What to produce – Among the entries below, only the lines from the one with "1girl absurdres black_jacket" through the one with "Letto matrimoniale 160x200cm" are wanted, reproduced exactly. Pictures are not wanted.

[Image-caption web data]
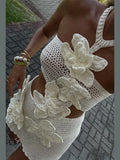 Dermearne 3d Flower Crochet Hook Halter Short Dress Women Sexy Knitted Off Shoulder Backless White Dresses Summer Female Beach Vestidos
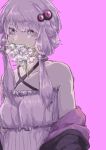  1girl absurdres black_jacket commentary_request criss-cross_halter dress flower flower_in_mouth hair_ornament halterneck highres jacket long_hair looking_at_viewer low_twintails mouth_hold off_shoulder oisiiidoo pink_flower purple_background purple_dress purple_eyes purple_hair simple_background sleeveless sleeveless_dress solo twintails upper_body vocaloid voiceroid yuzuki_yukari 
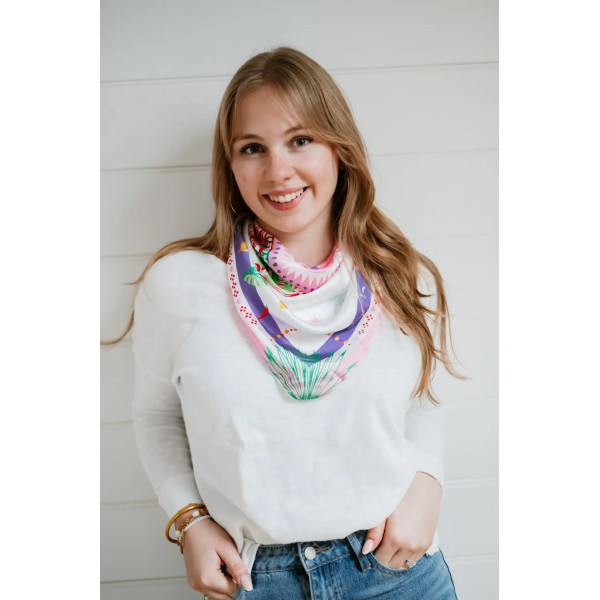 Shanna Foulard Mini Carré Love Homard Blanc.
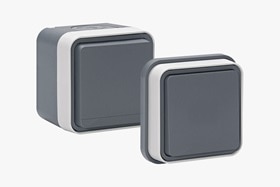 appareillage mural étanche IP55 cubyko de Hager, interrupteur va-et-vient version et saillie WNC001 et encastrée WNE001 gris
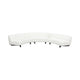 Ikka 3pc Curved Modular Sofa | White Faux Shearling | Black Wood Base BM338809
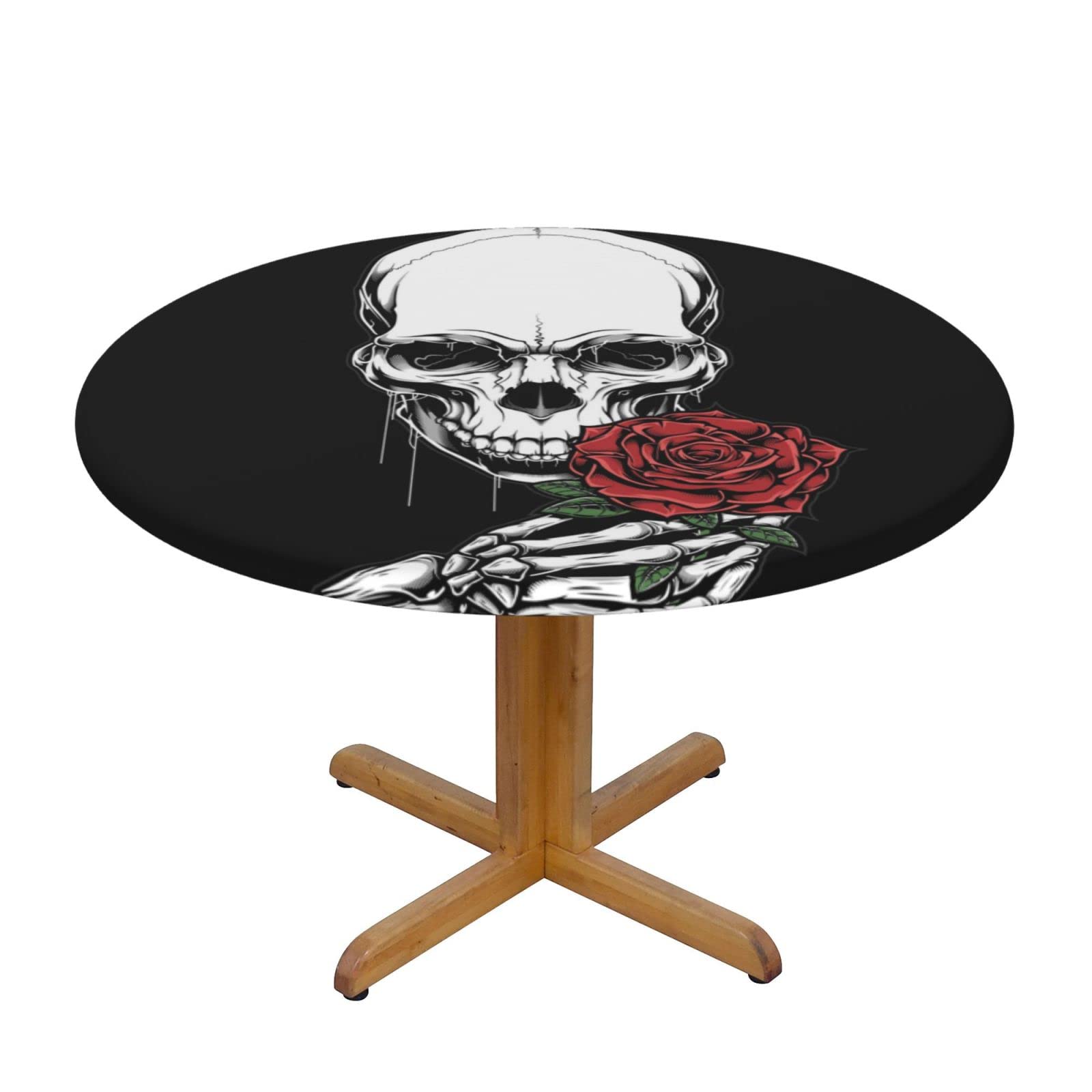 Lsjuee Round Fitted Tablecloth 40-44in Elastic Edged Table Cloth for Kitchen Dining Party Home Decor - Skull Rose Dark Death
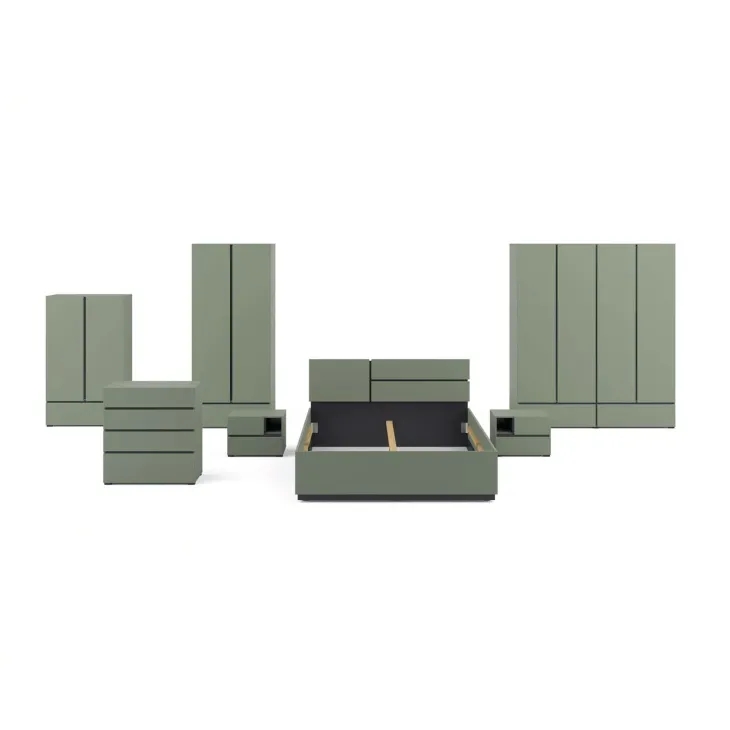 Letto matrimoniale 160x200cm testiera reversibile verde Lolla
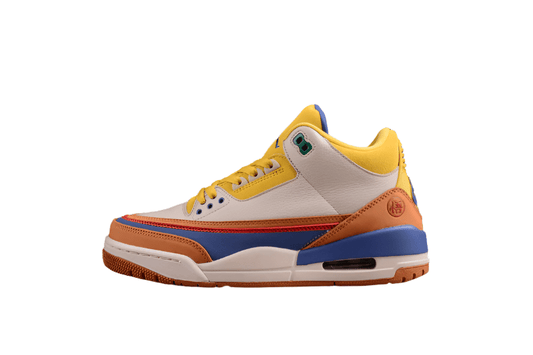 AIR Jordan 3 Retro Goku Brown - Yellow - Beige - Sneakers - Blue Unisex Streetwear Limited Edition - **Air Jordan 3 Retro Goku Brown/Yellow/Beige/Blue** Step into a bold fusion of heritage and vibrant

Output for this task –
  1girl absurdres black_jacket commentary_request criss-cross_halter dress flower flower_in_mouth hair_ornament halterneck highres jacket long_hair looking_at_viewer low_twintails mouth_hold off_shoulder oisiiidoo pink_flower purple_background purple_dress purple_eyes purple_hair simple_background sleeveless sleeveless_dress solo twintails upper_body vocaloid voiceroid yuzuki_yukari 
 Shanna Foulard Mini Carré Love Homard Blanc.
 appareillage mural étanche IP55 cubyko de Hager, interrupteur va-et-vient version et saillie WNC001 et encastrée WNE001 gris
 Ikka 3pc Curved Modular Sofa | White Faux Shearling | Black Wood Base BM338809
 Lsjuee Round Fitted Tablecloth 40-44in Elastic Edged Table Cloth for Kitchen Dining Party Home Decor - Skull Rose Dark Death
 Letto matrimoniale 160x200cm testiera reversibile verde Lolla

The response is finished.